Monthly Archives: May 2013

NUMA results from Google and SGI

Saw this on high-scalability. Google performed an  analysis of NUMA. In that analysis they discovered many of the same results we uncovered at SGI in the mid-90’s. And that is super cool. It’s super cool because it suggests we, at SGI, were on the right track when we worked on the problem .

At the core of the results is the result that NUMA is NUMA and not UMA. And that to get performance you need to understand the data layout, and that performance is dependent on the application data access patterns.

What I find really cool is this;

Based on our findings, NUMA-aware thread mapping is implemented and in the deployment process in our production WSCs. Considering both contention and NUMA may provide further performance benefit. However the optimal mapping is highly dependent on the applications and their co-runners. This indicates additional benefit for adaptive thread mapping at the cost of added implementation complexity

Back at SGI we spent a lot of time trying to figure out how to get NUMA scheduling to work, and how to spread threads around to get good performance based on application behavior. One of the key technologies we invented was dplace. dplace placed threads on CPUs based on some understanding of the topology of the machine and the way memory would be accessed.
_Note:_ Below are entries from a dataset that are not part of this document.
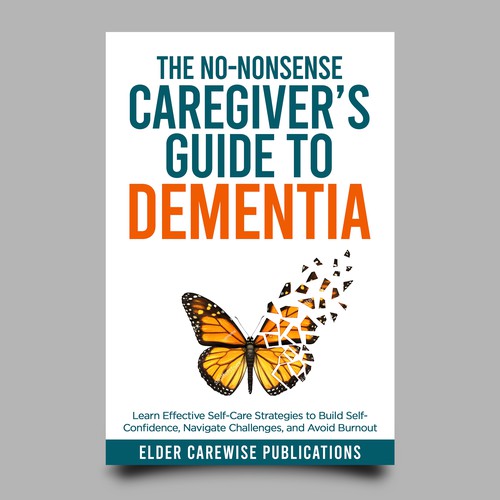 A book cover for "Caregiver's Guide to Dementia," a groundbreaking resource for changing lives! Design by Luigi99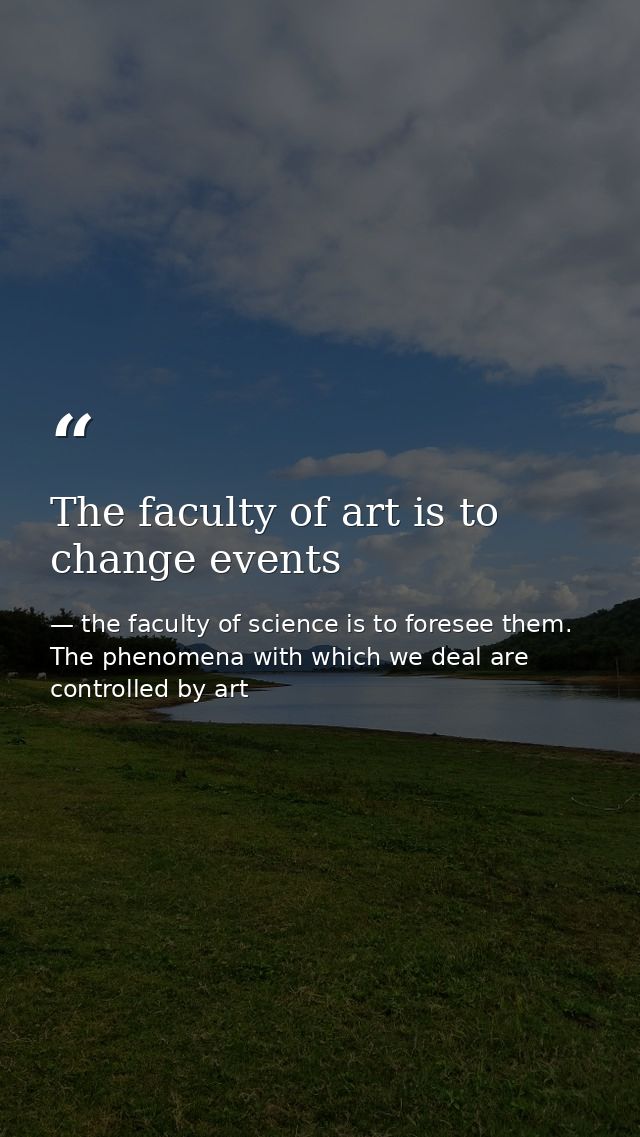 The faculty of art is to change events — the faculty of science is to foresee them. The phenomena with which we deal are controlled by art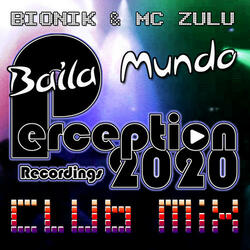 Baila Mundo (Bionik Club Mix) Instrumental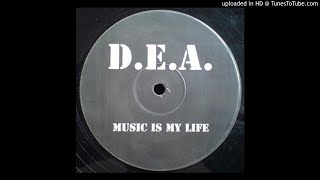 D.E.A - Music is My Life *Oldskool House*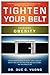 Tighten Your Belt: Overcome Obesity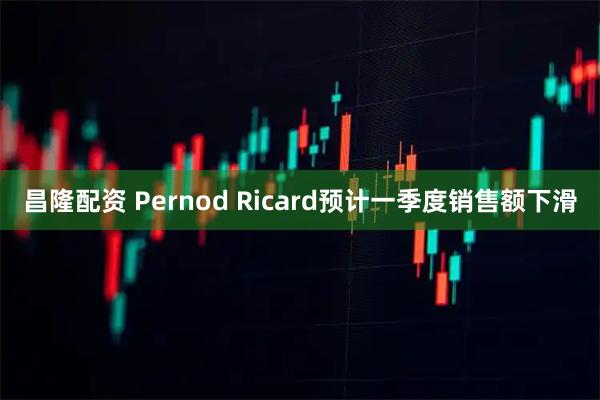 昌隆配资 Pernod Ricard预计一季度销售额下滑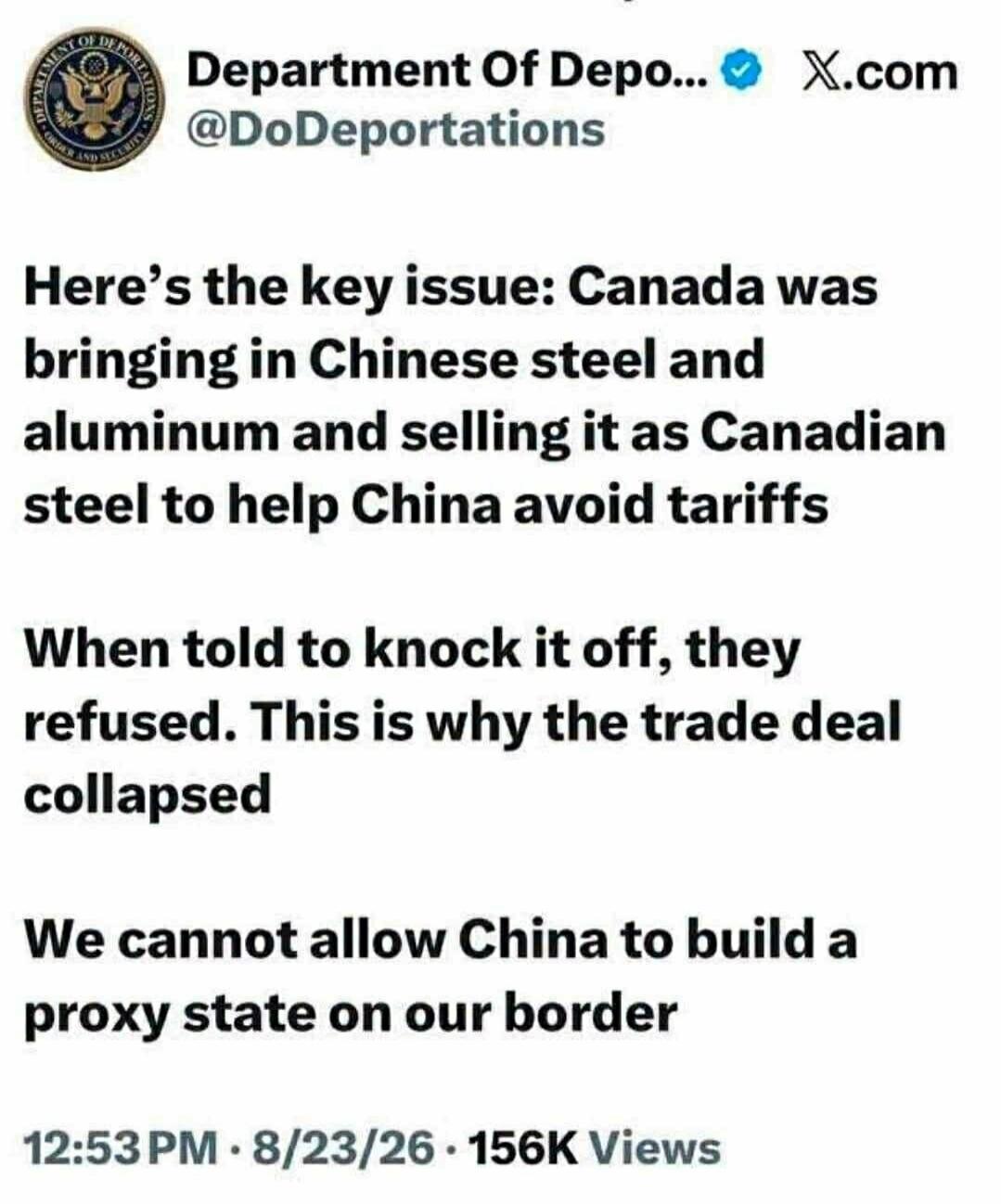 Department Of Depo... X.com @DoDeportations Here's the key issue: Canada was bringing in Chinese steel and aluminum and selling it as Canadian steel to help China avoid tariffs When told to knock it off, they refused. This is why the trade deal collapsed We cannot allow China to build a proxy state on our border 12:53 PM · 8/23/26 · 156K Views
So it’s nice to see someone else arrive at the same conclusion because it probably means we are both right …



Real Time Disruption

One of my favorite things to watch is how industries get disrupted.

The thing that’s amazing is that in spite of all the information we have both in research and in practice the same story plays out over and over and over gain.
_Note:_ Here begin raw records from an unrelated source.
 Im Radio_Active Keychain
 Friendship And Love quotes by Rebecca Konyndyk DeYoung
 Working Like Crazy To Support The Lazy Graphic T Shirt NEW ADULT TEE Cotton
There are three that I am paying very close attention to.

  1. The disruption of college level and high school level education by on-line courses
  2. The disruption of the combustion engine with the electric car.
  3. The disruption of the legal profession through online legal services that address most common legal issues

What’s interesting about 1 and 3 is that the disruption took place as natural responses to market opportunities. There isn’t a single force of nature causing the disruption.

What is extraordinary about 2, the electric car, is that this a case where a visionary leader is actually creating the disruption through sheer force of will.

One of the key misunderstandings of the disruptee and their defenders is the assumption that technological and supply chain obstacles are insurmountable.

For example, how do you power your car when you go across the country?

What the disruptee’s don’t realize is that as the demand for electrical supply stations increase, because the supply of electrical cars increase, the supply of electrical supply stations will increase.

This takes time. Except when a visionary leader decides to make things go faster…

Which is what Elon Musk is doing again…

 The stations are only on the East Coast and in California today, but CEO Elon Musk announced this week that Tesla will triple the size of the supercharger network in the next month, according to AllThingsD. The network will span most of the metro areas in the U.S. and Canada by the end of 2013–meaning it will be possible to take a long-distance road trip in a Tesla without worrying about running out of power. Musk has said in the past that the company plans to install over 100 Supercharger stations by 2015.

A better language for Lua?

Given that I work in the gaming industry, I am always fascinated with what people will do with Lua.

The Terra project struck me as an interesting investigation into building a better low-level counterpart to Lua that is not C.

The key claim to fame for Terra is that it is a dynamic language that has near native performance because it is less dynamic than Lua.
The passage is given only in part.